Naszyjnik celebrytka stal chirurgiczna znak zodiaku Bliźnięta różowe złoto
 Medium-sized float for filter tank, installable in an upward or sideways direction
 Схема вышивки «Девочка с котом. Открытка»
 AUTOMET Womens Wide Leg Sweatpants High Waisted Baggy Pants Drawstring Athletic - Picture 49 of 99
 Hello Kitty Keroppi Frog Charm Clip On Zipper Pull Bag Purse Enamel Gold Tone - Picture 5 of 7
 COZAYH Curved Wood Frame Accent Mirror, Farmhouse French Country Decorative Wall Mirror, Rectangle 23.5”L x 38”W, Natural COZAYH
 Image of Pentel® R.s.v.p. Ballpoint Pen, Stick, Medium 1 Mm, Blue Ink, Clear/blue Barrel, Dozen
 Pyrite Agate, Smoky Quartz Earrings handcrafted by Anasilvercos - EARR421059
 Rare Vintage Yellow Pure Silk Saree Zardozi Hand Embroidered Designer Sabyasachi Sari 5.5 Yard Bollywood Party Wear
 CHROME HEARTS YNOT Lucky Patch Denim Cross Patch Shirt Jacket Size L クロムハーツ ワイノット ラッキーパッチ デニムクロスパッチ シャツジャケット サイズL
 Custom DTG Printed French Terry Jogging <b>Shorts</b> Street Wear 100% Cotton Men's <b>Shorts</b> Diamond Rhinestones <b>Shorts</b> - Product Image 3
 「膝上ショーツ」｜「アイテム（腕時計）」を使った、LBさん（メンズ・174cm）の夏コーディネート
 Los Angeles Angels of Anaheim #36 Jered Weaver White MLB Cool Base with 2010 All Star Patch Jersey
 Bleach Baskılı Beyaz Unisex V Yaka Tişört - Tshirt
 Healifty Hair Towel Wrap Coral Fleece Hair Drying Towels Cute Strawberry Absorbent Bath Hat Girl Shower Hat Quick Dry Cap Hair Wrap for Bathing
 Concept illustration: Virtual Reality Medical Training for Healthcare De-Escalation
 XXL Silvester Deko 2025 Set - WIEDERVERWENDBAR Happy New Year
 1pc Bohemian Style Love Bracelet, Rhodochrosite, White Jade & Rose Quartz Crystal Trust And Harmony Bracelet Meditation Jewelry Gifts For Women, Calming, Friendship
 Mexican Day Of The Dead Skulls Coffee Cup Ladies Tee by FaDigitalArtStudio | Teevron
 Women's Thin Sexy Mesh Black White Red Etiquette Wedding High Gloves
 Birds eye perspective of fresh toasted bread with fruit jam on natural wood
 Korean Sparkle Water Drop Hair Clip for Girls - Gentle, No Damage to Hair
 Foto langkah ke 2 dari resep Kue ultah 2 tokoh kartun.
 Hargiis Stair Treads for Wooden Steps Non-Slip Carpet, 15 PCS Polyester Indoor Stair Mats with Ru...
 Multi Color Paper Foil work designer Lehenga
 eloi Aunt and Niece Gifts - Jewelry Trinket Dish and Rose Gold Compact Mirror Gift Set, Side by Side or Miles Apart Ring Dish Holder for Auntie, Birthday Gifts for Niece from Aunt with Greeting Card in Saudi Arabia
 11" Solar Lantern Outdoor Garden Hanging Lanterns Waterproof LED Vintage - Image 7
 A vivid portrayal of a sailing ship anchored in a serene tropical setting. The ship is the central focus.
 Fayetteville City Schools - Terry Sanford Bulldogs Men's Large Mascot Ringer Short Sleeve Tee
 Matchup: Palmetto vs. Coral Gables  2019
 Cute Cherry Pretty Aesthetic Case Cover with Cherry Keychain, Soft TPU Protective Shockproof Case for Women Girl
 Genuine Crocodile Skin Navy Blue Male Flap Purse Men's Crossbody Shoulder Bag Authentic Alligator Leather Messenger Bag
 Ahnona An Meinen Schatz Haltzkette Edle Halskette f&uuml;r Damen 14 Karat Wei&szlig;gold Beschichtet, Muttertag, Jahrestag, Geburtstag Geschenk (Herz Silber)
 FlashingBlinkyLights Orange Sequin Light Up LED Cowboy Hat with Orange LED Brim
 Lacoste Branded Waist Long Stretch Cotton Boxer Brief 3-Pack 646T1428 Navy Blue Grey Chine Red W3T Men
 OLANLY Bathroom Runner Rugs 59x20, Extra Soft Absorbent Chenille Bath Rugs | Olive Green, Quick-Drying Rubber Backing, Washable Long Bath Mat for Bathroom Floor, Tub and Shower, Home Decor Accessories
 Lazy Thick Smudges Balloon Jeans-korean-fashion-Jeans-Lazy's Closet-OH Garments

EXERCISE — Your job is to print all of the material again, word for word.

REPLY —
Naszyjnik celebrytka stal chirurgiczna znak zodiaku Bliźnięta różowe złoto
 Medium-sized float for filter tank, installable in an upward or sideways direction
 Схема вышивки «Девочка с котом. Открытка»
 AUTOMET Womens Wide Leg Sweatpants High Waisted Baggy Pants Drawstring Athletic - Picture 49 of 99
 Hello Kitty Keroppi Frog Charm Clip On Zipper Pull Bag Purse Enamel Gold Tone - Picture 5 of 7
 COZAYH Curved Wood Frame Accent Mirror, Farmhouse French Country Decorative Wall Mirror, Rectangle 23.5”L x 38”W, Natural COZAYH
 Image of Pentel® R.s.v.p. Ballpoint Pen, Stick, Medium 1 Mm, Blue Ink, Clear/blue Barrel, Dozen
 Pyrite Agate, Smoky Quartz Earrings handcrafted by Anasilvercos - EARR421059
 Rare Vintage Yellow Pure Silk Saree Zardozi Hand Embroidered Designer Sabyasachi Sari 5.5 Yard Bollywood Party Wear
 CHROME HEARTS YNOT Lucky Patch Denim Cross Patch Shirt Jacket Size L クロムハーツ ワイノット ラッキーパッチ デニムクロスパッチ シャツジャケット サイズL
 Custom DTG Printed French Terry Jogging <b>Shorts</b> Street Wear 100% Cotton Men's <b>Shorts</b> Diamond Rhinestones <b>Shorts</b> - Product Image 3
 「膝上ショーツ」｜「アイテム（腕時計）」を使った、LBさん（メンズ・174cm）の夏コーディネート
 Los Angeles Angels of Anaheim #36 Jered Weaver White MLB Cool Base with 2010 All Star Patch Jersey
 Bleach Baskılı Beyaz Unisex V Yaka Tişört - Tshirt
 Healifty Hair Towel Wrap Coral Fleece Hair Drying Towels Cute Strawberry Absorbent Bath Hat Girl Shower Hat Quick Dry Cap Hair Wrap for Bathing
 Concept illustration: Virtual Reality Medical Training for Healthcare De-Escalation
 XXL Silvester Deko 2025 Set - WIEDERVERWENDBAR Happy New Year
 1pc Bohemian Style Love Bracelet, Rhodochrosite, White Jade & Rose Quartz Crystal Trust And Harmony Bracelet Meditation Jewelry Gifts For Women, Calming, Friendship
 Mexican Day Of The Dead Skulls Coffee Cup Ladies Tee by FaDigitalArtStudio | Teevron
 Women's Thin Sexy Mesh Black White Red Etiquette Wedding High Gloves
 Birds eye perspective of fresh toasted bread with fruit jam on natural wood
 Korean Sparkle Water Drop Hair Clip for Girls - Gentle, No Damage to Hair
 Foto langkah ke 2 dari resep Kue ultah 2 tokoh kartun.
 Hargiis Stair Treads for Wooden Steps Non-Slip Carpet, 15 PCS Polyester Indoor Stair Mats with Ru...
 Multi Color Paper Foil work designer Lehenga
 eloi Aunt and Niece Gifts - Jewelry Trinket Dish and Rose Gold Compact Mirror Gift Set, Side by Side or Miles Apart Ring Dish Holder for Auntie, Birthday Gifts for Niece from Aunt with Greeting Card in Saudi Arabia
 11" Solar Lantern Outdoor Garden Hanging Lanterns Waterproof LED Vintage - Image 7
 A vivid portrayal of a sailing ship anchored in a serene tropical setting. The ship is the central focus.
 Fayetteville City Schools - Terry Sanford Bulldogs Men's Large Mascot Ringer Short Sleeve Tee
 Matchup: Palmetto vs. Coral Gables  2019
 Cute Cherry Pretty Aesthetic Case Cover with Cherry Keychain, Soft TPU Protective Shockproof Case for Women Girl
 Genuine Crocodile Skin Navy Blue Male Flap Purse Men's Crossbody Shoulder Bag Authentic Alligator Leather Messenger Bag
 Ahnona An Meinen Schatz Haltzkette Edle Halskette f&uuml;r Damen 14 Karat Wei&szlig;gold Beschichtet, Muttertag, Jahrestag, Geburtstag Geschenk (Herz Silber)
 FlashingBlinkyLights Orange Sequin Light Up LED Cowboy Hat with Orange LED Brim
 Lacoste Branded Waist Long Stretch Cotton Boxer Brief 3-Pack 646T1428 Navy Blue Grey Chine Red W3T Men
 OLANLY Bathroom Runner Rugs 59x20, Extra Soft Absorbent Chenille Bath Rugs | Olive Green, Quick-Drying Rubber Backing, Washable Long Bath Mat for Bathroom Floor, Tub and Shower, Home Decor Accessories
 Lazy Thick Smudges Balloon Jeans-korean-fashion-Jeans-Lazy's Closet-OH Garments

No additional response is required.